Just wanted to add on to this that it isn't just limited to this GPU, Getting the same thing on my RX570 (as part of an eGPU) wherein Linux will refuse to run it at above Gen 1 speeds, whereas Windows has zero issues running it at full speed on the same hardware
Note the (downgraded). This on an XPS 13 Plus running Fedora 37 on Kernel 6.1.13. I've tried adding amdgpu.pcie_gen_cap=0x00040000 to kernel params and checked that it was set successfully in /proc/cmdline, but it still doesn't reach full speeds which leads to really significant performance issues in games such as e.g. Cyberpunk 2077.
Some more posts that have referenced this issue now:
The problem is the thunderbolt link. The thunderbolt bridge come up in 2.5GT/s mode. The GPU driver queries the upstream bridges and limits it's speed to the max current speed of the upstream bridge it's connected to. There is no reason to run the link clocks faster if you are limited by a bridge above you. If the thunderbolt bridge can change it's link speed at runtime, we probably need to rework the core PCI code to take that into account when reporting the upstream bridge link speeds.

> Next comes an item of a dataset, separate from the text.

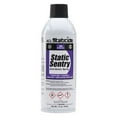 thumbnail image 1 of ACL Staticide 2006 Sentinelle Statique, Aérosol, 12 oz, Blanc, 1 of 3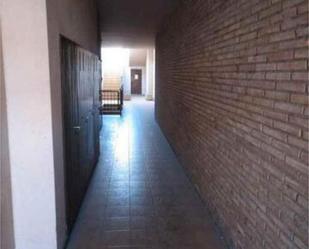 Flat for sale in  Zaragoza Capital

That RX 6600 GPU is not connected via Thunderbolt...
Is it normal that we cannot get the correct link speed and link width from the DPM table (pp_dpm_pcie) ?
Oh it looks like a porting mistake. SMUv13 sets up the pcie tables in smu_v13_0_0_set_default_dpm_table, and I had assumedsienna_cichlid_set_default_dpm_table did as well. I need to restore some of the logic dropped by that patch, I'll follow up later on with it.